One of the reasons we were around a mahogany conference table with the Chinese government – we must have been the first Western journalists to see the inside of that building for a long time – was that China had been invited to be the ‘market focus’ of the London Book Fair, and they were trying to do things better than they had in 2009, when China had been the guest of honour at the Frankfurt fair and it had gone disastrously.

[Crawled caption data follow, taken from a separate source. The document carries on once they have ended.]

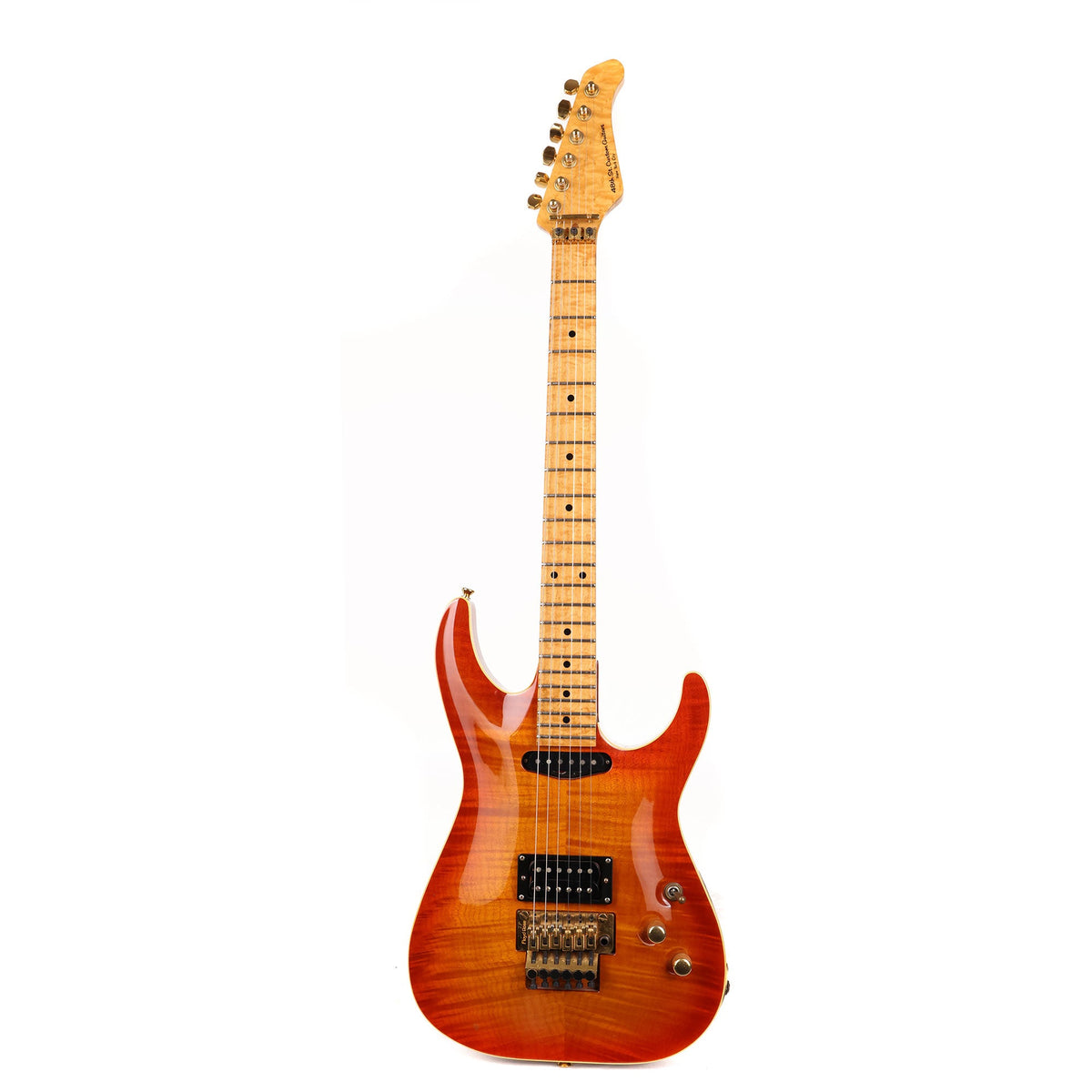 48th Street Custom Guitars S-Style Cherry Sunburst — 2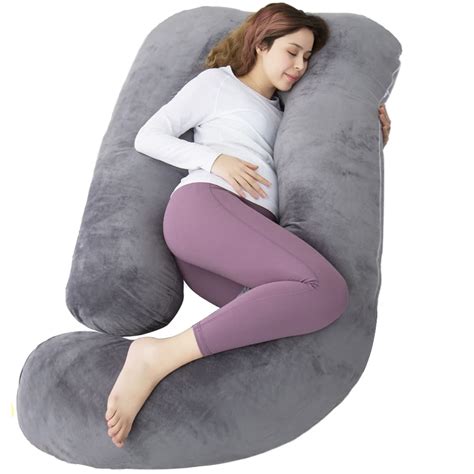 AMCATON 60 Inch Pregnancy Pillow for Sleeping, Extra Large U Shaped ...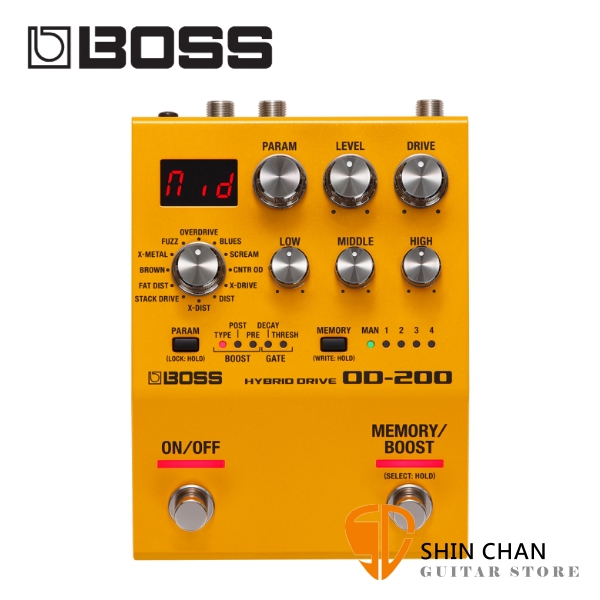 Boss OD-200 增益破音效果器 Hybrid Drive 原廠公司貨 兩年保固 OD200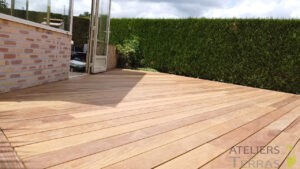 Terrasse bois exotique cumaru sur Mayenne la baule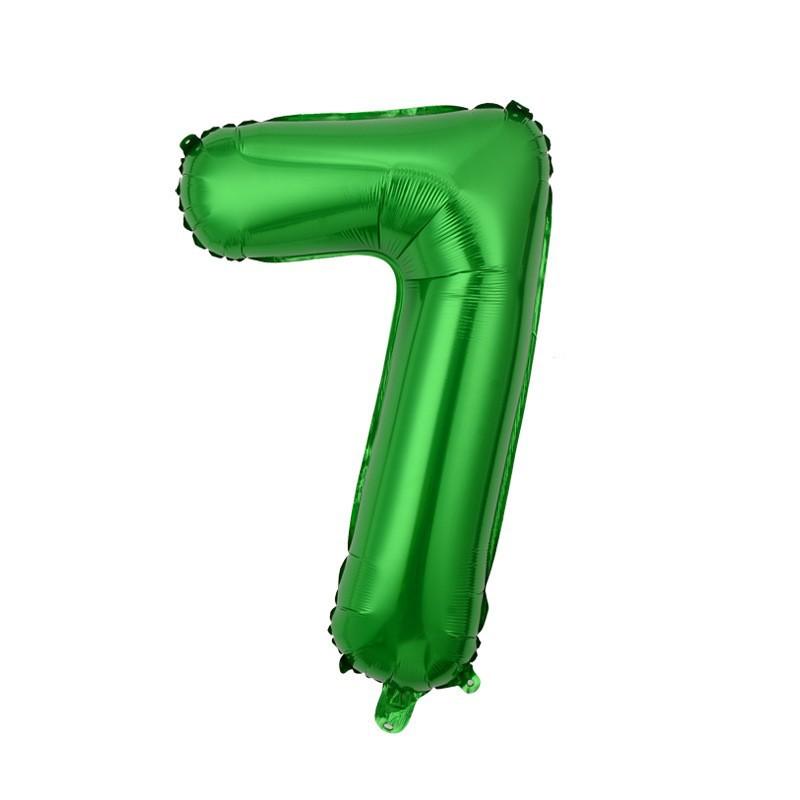 Small Digital Balloon 16-Inch Us Version Of Thin Body Decoration Birthday Party Aluminum Film Balloon Digital Balloon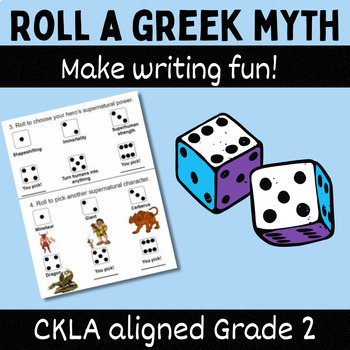 Preview of Roll a Greek Myth Writing and Graphic Organizer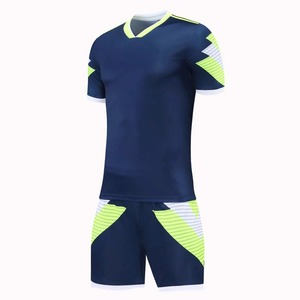 Uniforme de Fútbol para Hombre, Conjunto de Camiseta de Fútbol de Manga Corta, Uniforme de Fútbol para Adulto, Camiseta de Fútbol Azul para Niño, Diseño Personalizado con Logotipo - Product Image 4
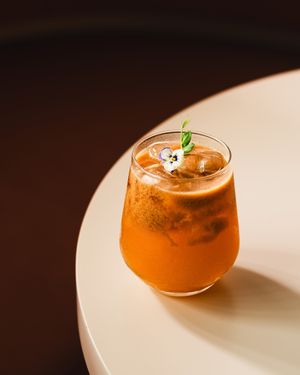 Tamarind Lemonade at Petiole Cafe in Janabiyah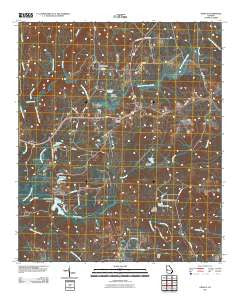 Geneva Georgia Historical topographic map, 1:24000 scale, 7.5 X 7.5 Minute, Year 2011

Frankfurt had invited, among other dissidents, the poet and editor Bei Ling, who had been jailed for two weeks in 2000 for the ‘illegal publication’ of the journal Tendency. Susan Sontag, whom Bei had published, wrote about what happened in the New York Times, and a threatened ten-year sentence became exile. GAPP said that they would boycott the fair if Bei and other dissidents participated, and so they were uninvited. Bei spoke out this year too, criticising the British Council for collaborating with GAPP and only inviting ‘state-approved writers’. But he did end up coming to London from Germany with a group from Chinese PEN and when I talked to him in his hotel in Baron’s Court, he had brought a squat terracotta teapot with tiny cups and Chinese tea for a four-day trip. Each year he tries to get back to China via Hong Kong or Shenzhen or Beijing, but is turned back when he touches Chinese soil. He thought that the writers we met in China were ‘technically better’ than the previous generation but also that ‘novelists have to face history.’ It was a ‘shame’, he said, that Bi Feiyu, a member of the government-funded Jiangsu Writers’ Association, accepts 7000 yuan a month from it. He was going to meet the British Council to ask them who they’d consulted on the choice of writers to invite to the book fair. He introduced me to a Qi Jiazhen, a memoirist who has written about her 13 years in a prison camp for ‘counter-revolutionary activities’. She had flown over from Australia, where she has lived since her release, and had just come from a protest at the Chinese Embassy (she thought the government had hired the students who banged drums and did dragon dances to drown them out). I’d imagined that meeting dissidents would be like meeting Anna Akhmatova. But Qi was tired and cold and I couldn’t think of a question that didn’t seem childish. So I didn’t ask her anything.